Dataset items:
·····

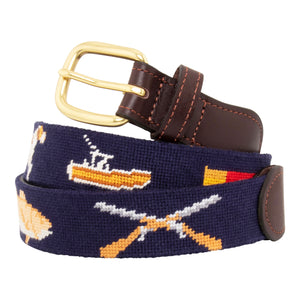 Sportsman Needlepoint Belt with navy blue colored background showing outdoor sporting themed images of a pointer dog, crossed shotguns, shotgun shell, fly fishing rod, redfish, fishing boat, flying duck and dove.  Belt has brass buckle and full-grain leather backing.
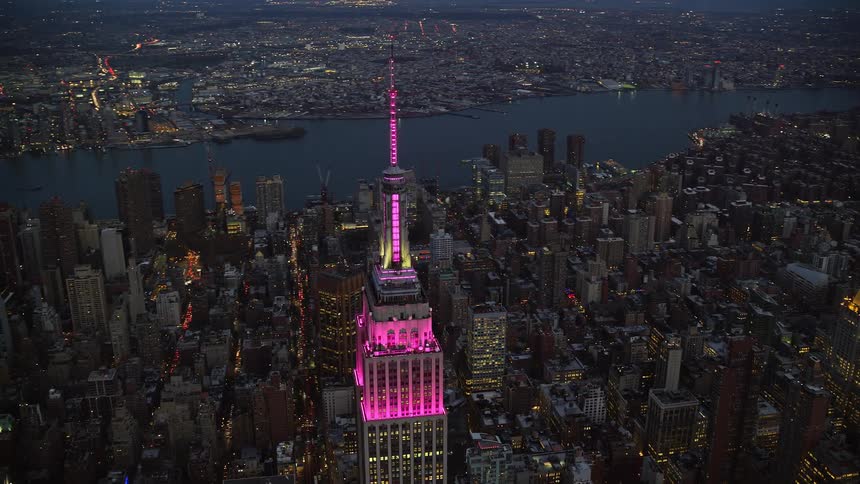 Aerial architecture of illuminated skyscrapers with pink lights in a metropolis at night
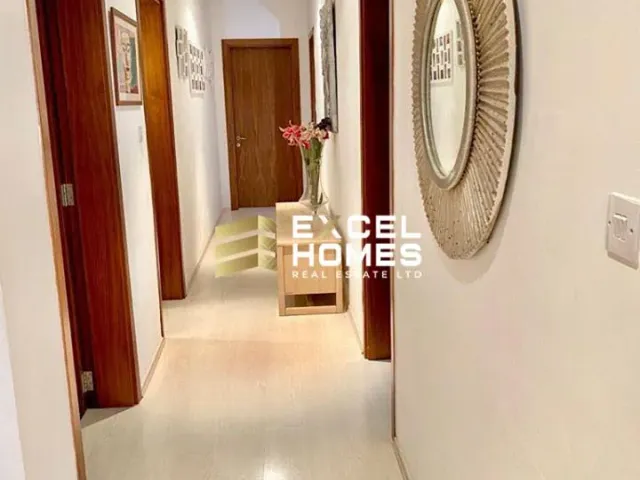 a person standing in a doorway looking in a mirror 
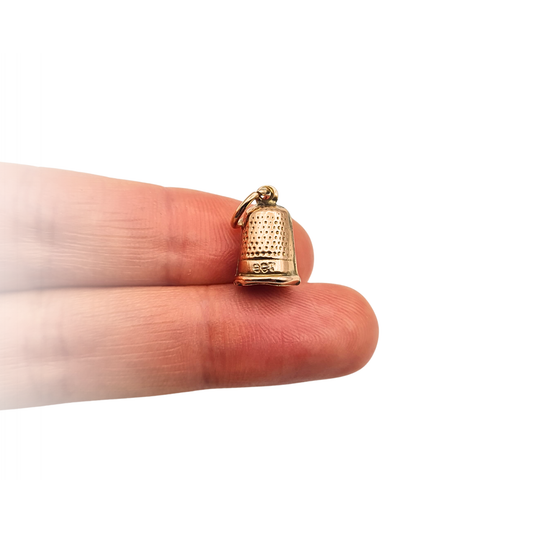 Tiny 9ct gold sewing thimble charm with textured detail and jump ring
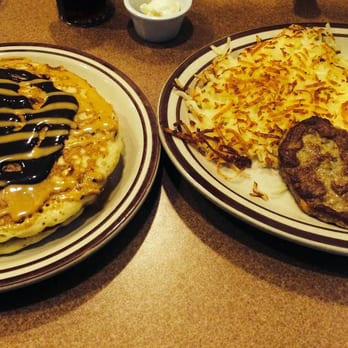 Denny's - Peanut Butter Cup pancakes with hash browns, scrambled eggs and chicken sausage. - Diners Near Me - Schiller Park, Illinois Denny's - Peanut Butter Cup pancakes with hash browns, scrambled eggs and chicken sausage. - Diners Near Me - Schiller Park, Illinois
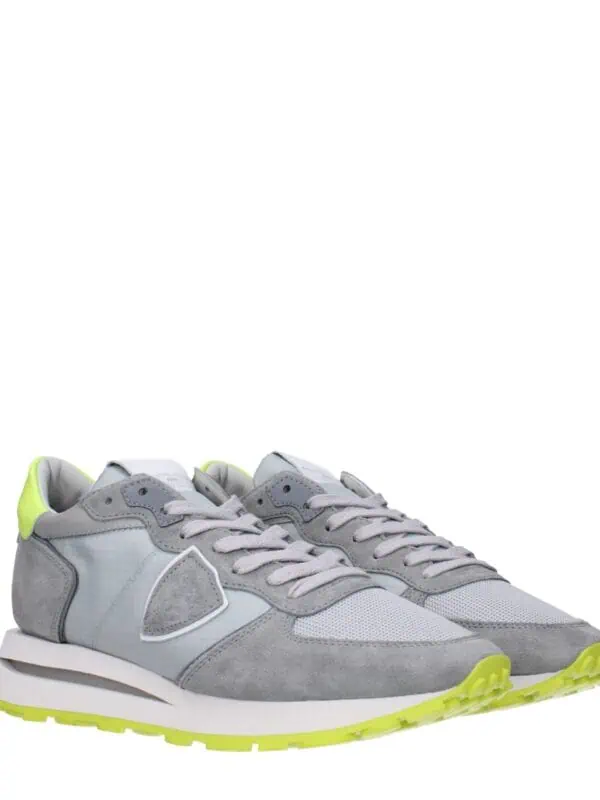 Bright gray sneakers with neon yellow accents, sporty design, cushioned soles, and breathable mesh upper, perfect for casual wear and athletic activities.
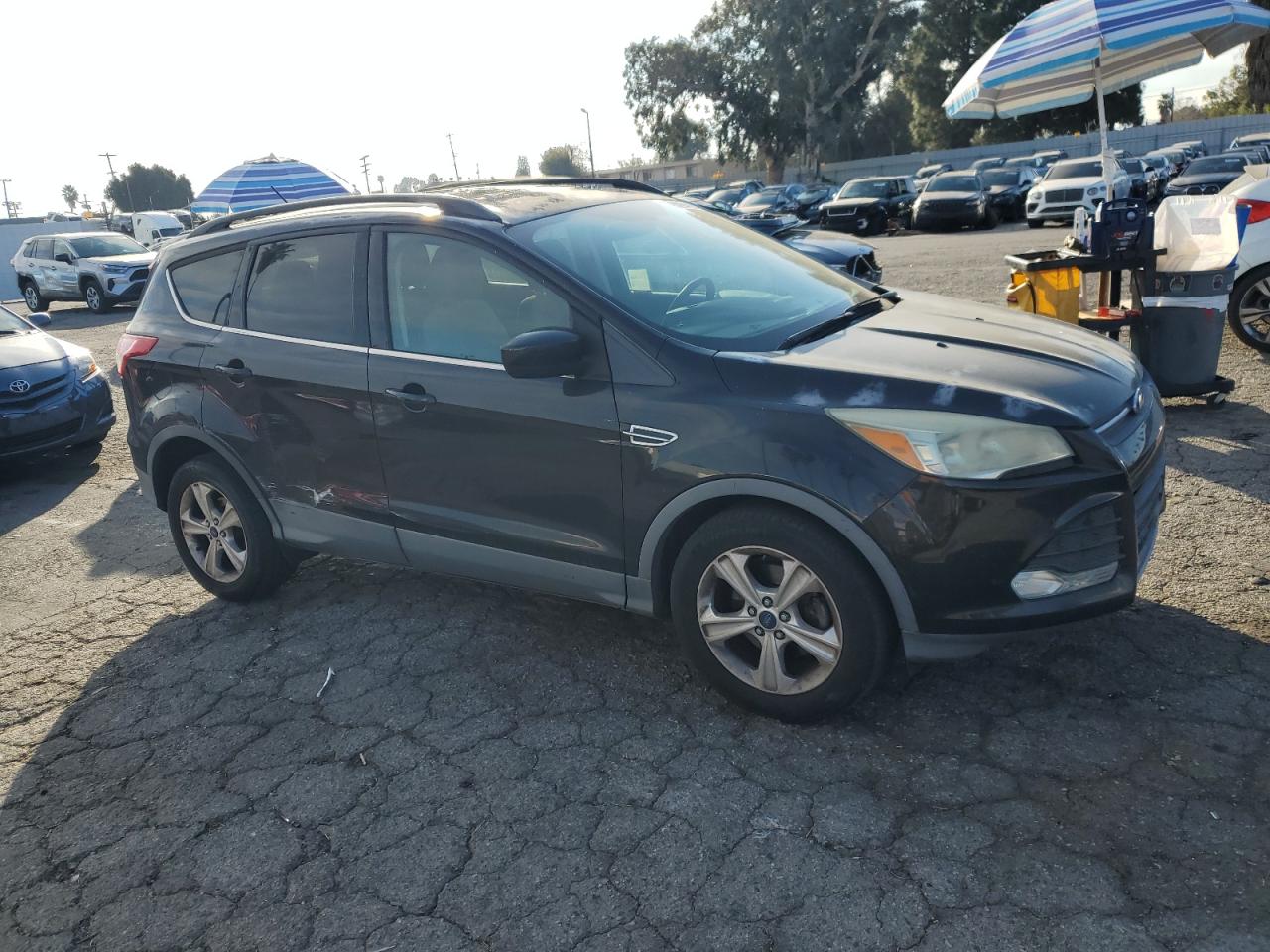 2015 Ford Escape VIN 1FMCU0GX4FUA18843 Copart auction photo, side / minor dent/scratches damage thumbnail 4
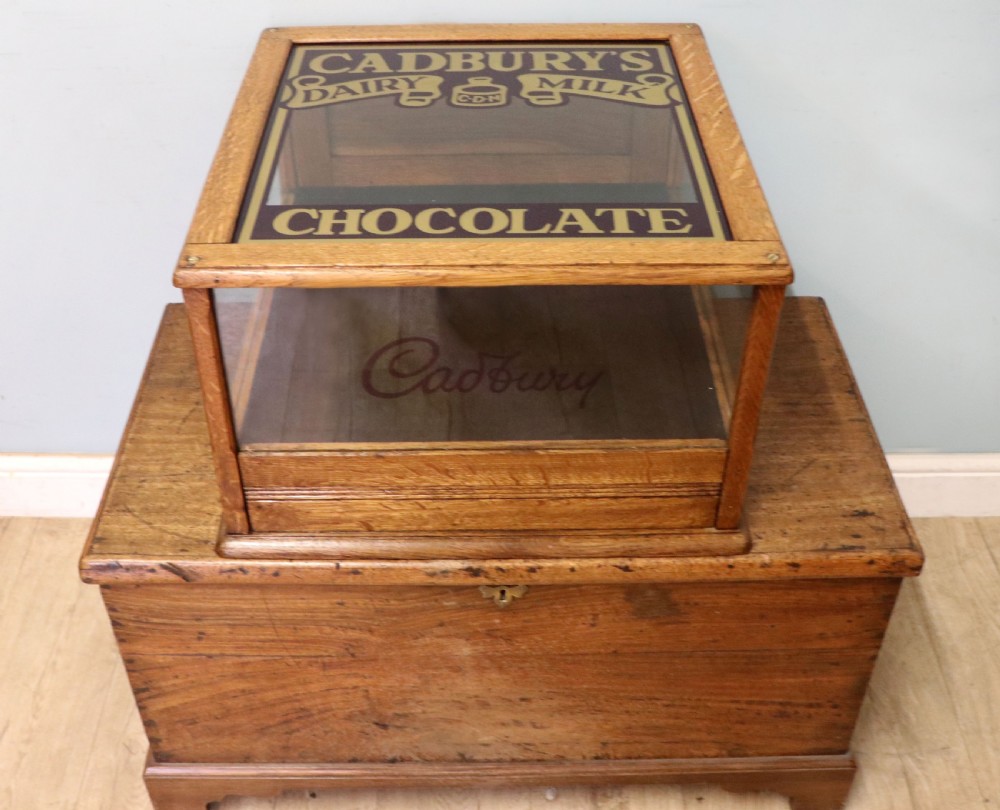 An early 20th-century oak countertop display cabinet featuring glazed panels and gold sign-written Cadburys Dairy Milk Chocolate lettering. View IV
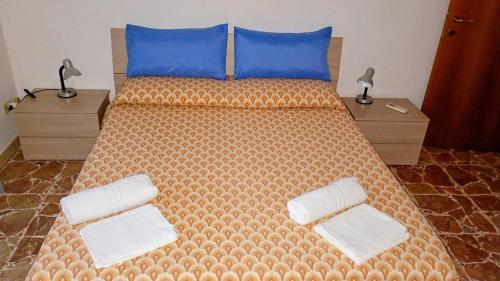 a bedroom with a large bed with blue pillows at La casa di Lori in San Benedetto del Tronto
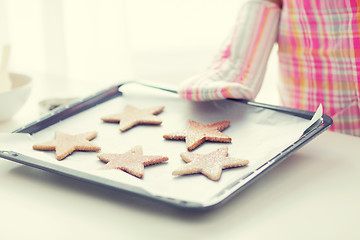 Image showing close up of woman with cookies on oven tray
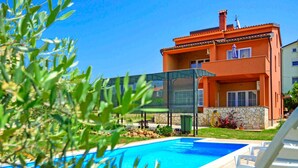 A swimming pool with lounge chairs, a glass enclosure, and a building with a stone facade in the background. - Vacation home Marko by Interhome (Novigrad (Istra))
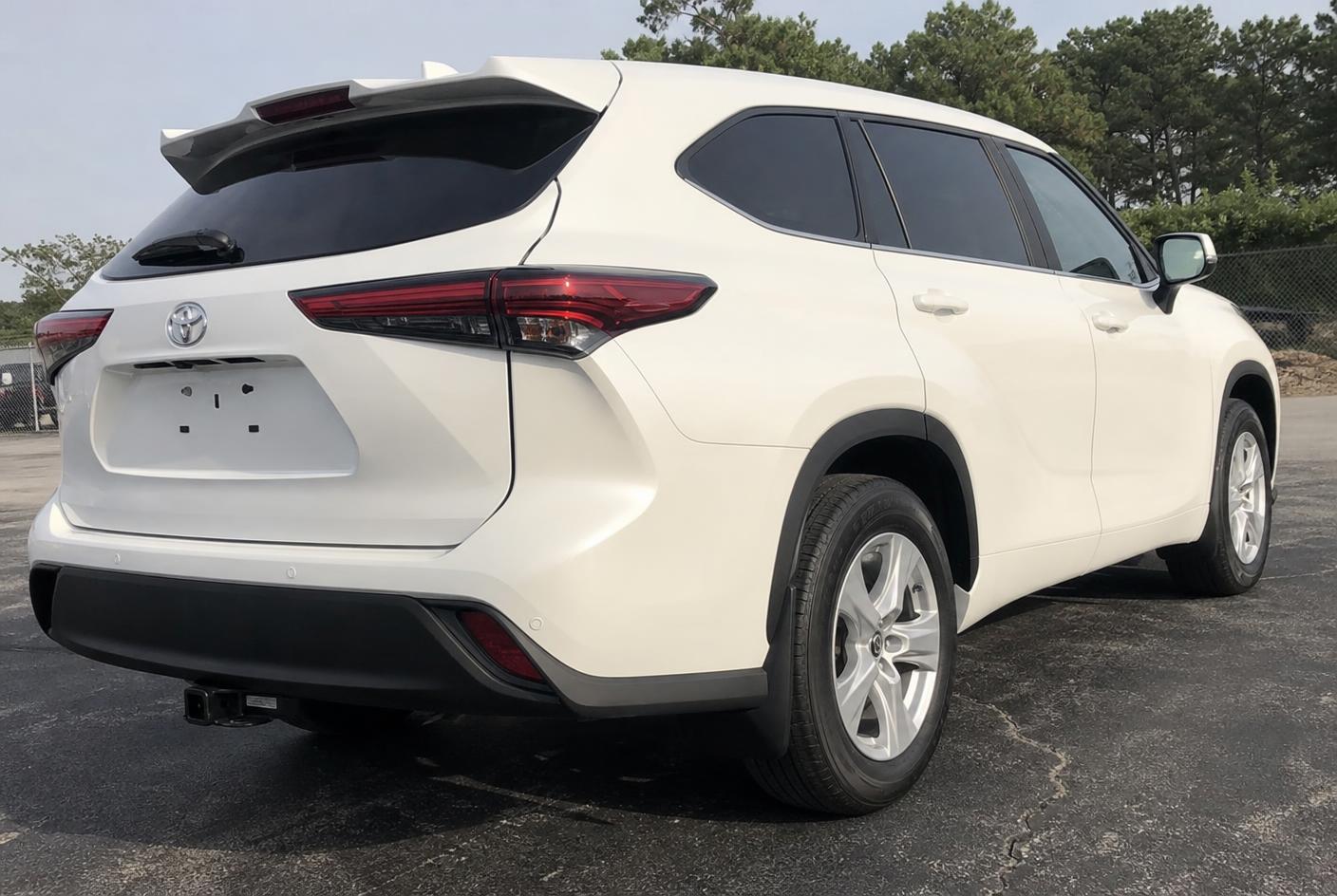 The same white SUV quarter panel after body work and seamless refinishing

·····

▶ Try it
All of the records need to be restated word for word, but not the pictures.

▶ Task result
 Sportsman Needlepoint Belt with navy blue colored background showing outdoor sporting themed images of a pointer dog, crossed shotguns, shotgun shell, fly fishing rod, redfish, fishing boat, flying duck and dove.  Belt has brass buckle and full-grain leather backing.
 Aerial architecture of illuminated skyscrapers with pink lights in a metropolis at night
 a person standing in a doorway looking in a mirror 
 Tiny 9ct gold sewing thimble charm with textured detail and jump ring
 Denny's - Peanut Butter Cup pancakes with hash browns, scrambled eggs and chicken sausage. - Diners Near Me - Schiller Park, Illinois Denny's - Peanut Butter Cup pancakes with hash browns, scrambled eggs and chicken sausage. - Diners Near Me - Schiller Park, Illinois
 Bright gray sneakers with neon yellow accents, sporty design, cushioned soles, and breathable mesh upper, perfect for casual wear and athletic activities.
 2015 Ford Escape VIN 1FMCU0GX4FUA18843 Copart auction photo, side / minor dent/scratches damage thumbnail 4
 An early 20th-century oak countertop display cabinet featuring glazed panels and gold sign-written Cadburys Dairy Milk Chocolate lettering. View IV
 a bedroom with a large bed with blue pillows at La casa di Lori in San Benedetto del Tronto
 Image showing close up of woman with cookies on oven tray
 A swimming pool with lounge chairs, a glass enclosure, and a building with a stone facade in the background. - Vacation home Marko by Interhome (Novigrad (Istra))
 The same white SUV quarter panel after body work and seamless refinishing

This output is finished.